Boolean vs non-boolean search


I'm having some issues trying to understand what a non-boolean search (if that makes sense) is. As far as I've figured out, a boolean search allows the use of AND, OR and NOT in the query. But what about the non-boolean search? I've read somewhere that that means you can search substrings, not just complete words, but I wanted to make sure I fully understand what each of one means. Also, maybe an example would help, like, is Google boolean or non-boolean? What about Oracle Text or Apahe Solr?


Solution

  • Non boolean search includes approaches that are not purely boolean model techniques1.

    Probably the most common example of such a method is the vector-space model.
    In this model, each document is a vector, represented by the words (or bi-grams,...) it contains. The dimension of each document is the number of terms in the vocabulary.

    The similarity in this model is done by creating a 'fake' document - which is the query, and comparing this fake document to any other document in the corpus. The more similar the document is to the query - the better the result is.

    A common similarity measure is cosine-similarity.
    This model goes well with the tf-idf model (The td-idf determines what is the value in each entry of each vector).

    Note that this is NOT boolean model. You do not oporate on 'sets', you compare similarity of vectors - this is entirely different model.
    In addition, this method has an important advantage - it returns a score associated to each document, and not only a boolean answer "relevant" or "not relevant".

    As-is vector-space does not allow AND,OR oporations, however this is easily solveable by doing 2-phase search. The first is using a boolean model to get candidates, and the 2nd is using vector-space to get a score for each document.

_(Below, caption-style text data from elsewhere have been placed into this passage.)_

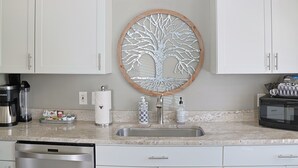 Une cuisine avec des meubles blancs, un évier en acier inoxydable, une machine à café, un four à micro-ondes et un miroir décoratif en forme d’arbre.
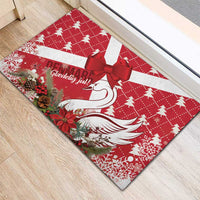 Red rubber doormat with white swan, red bow, and red-and-white holiday print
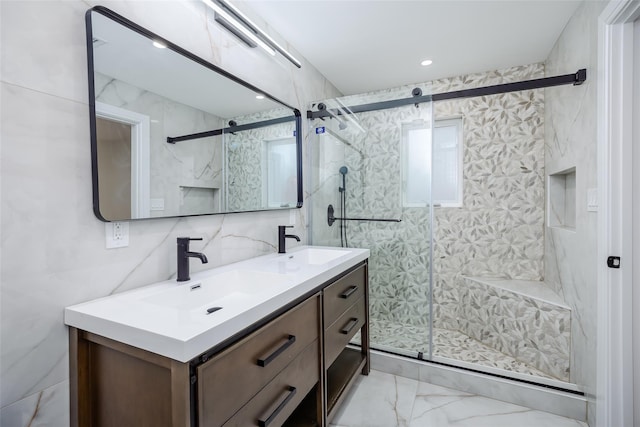 full bath featuring marble finish floor, a sink, double vanity, and a shower stall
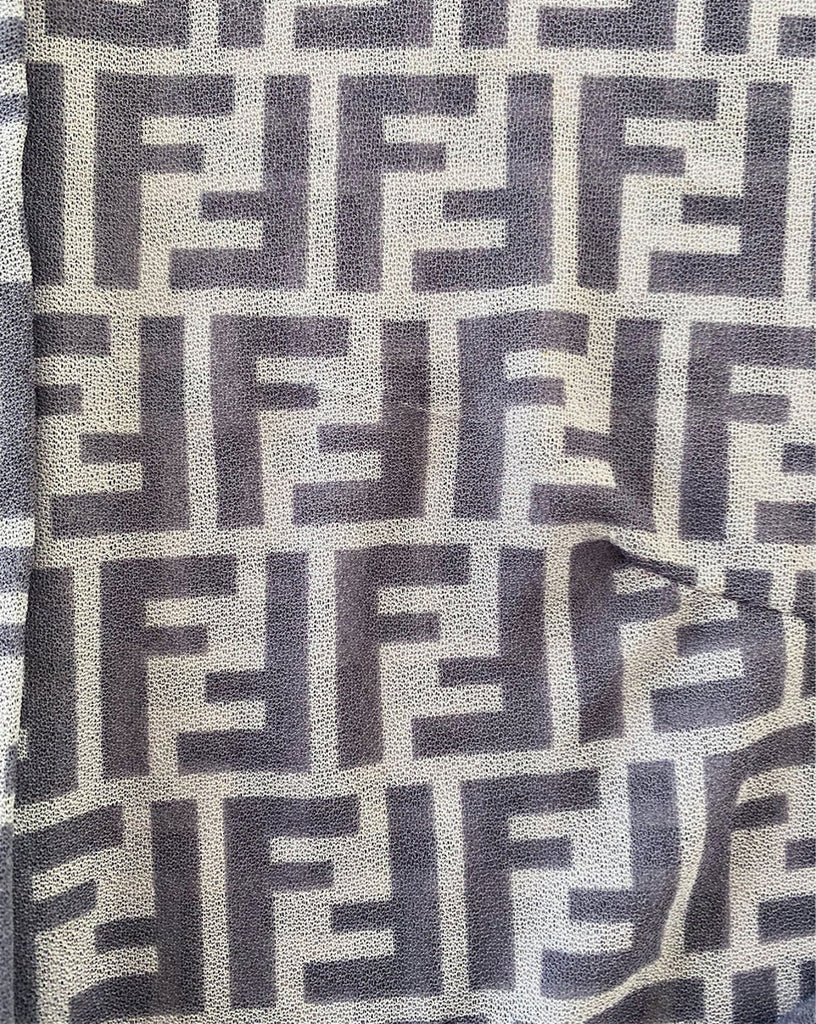 FRUIT Vintage Fendi Zucca print button up shirt dating to the early 90s. This amazing piece is made from a sheer mesh and features a bold Fendi Zucca print in two tone grey.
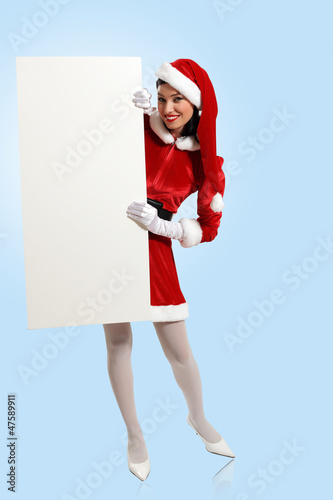 Photo: santa girl with a blank banner santa girl with a blank banner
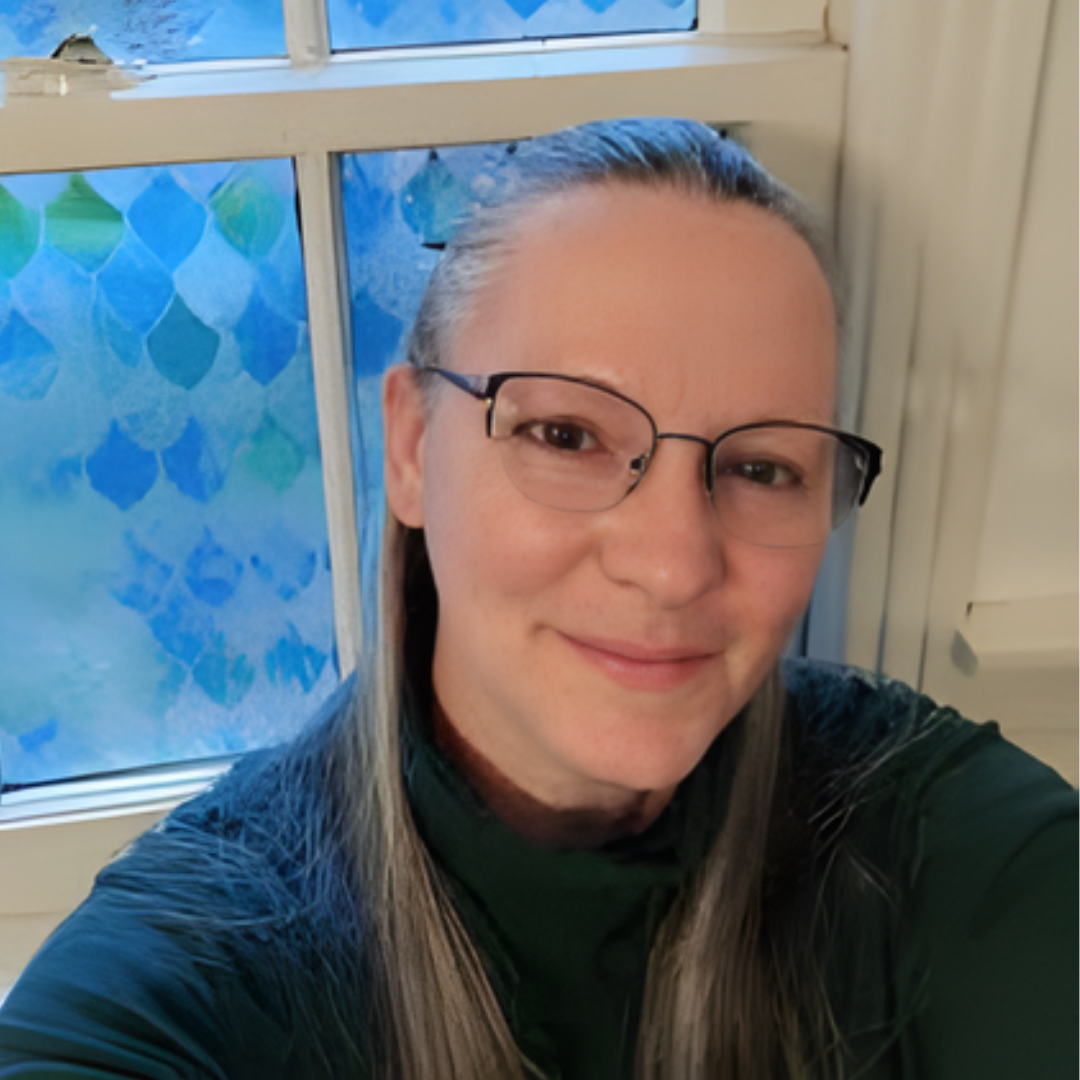 A woman with long graying hair and glasses smiles in front of a window with a blue scaled pattern.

    Other models are building a language model out of a document - a language model is described as P(word|M) = the probability of the model M to generate the word.

    A common language model is P(word|document) = #occurances(word,document)/|document|
    To avoid having probability zero - we usually add smoothing technique. a common technique is:

    P(word|document) =  alpha*#occurances(word,document)/|document| + (1-alpha)*#occurances(word,corpus)/|corpus|
    

    Now - when we have a query of more than one term: q=t1 t2 ... tn, we calculate:

    P(q|d) = P(t1|d)*P(t2|d)*...*P(tn|d)
    

    Note that this model actually allows AND semantics by setting alpha=1, and OR semantics by alpha!=1.


    (1) Boolean search is basically set terminology:

    Each term is associated with a set that contains all the documents that have this term in them. Now, you simply do set oporations on bunch of sets. AND is intersection, OR is union.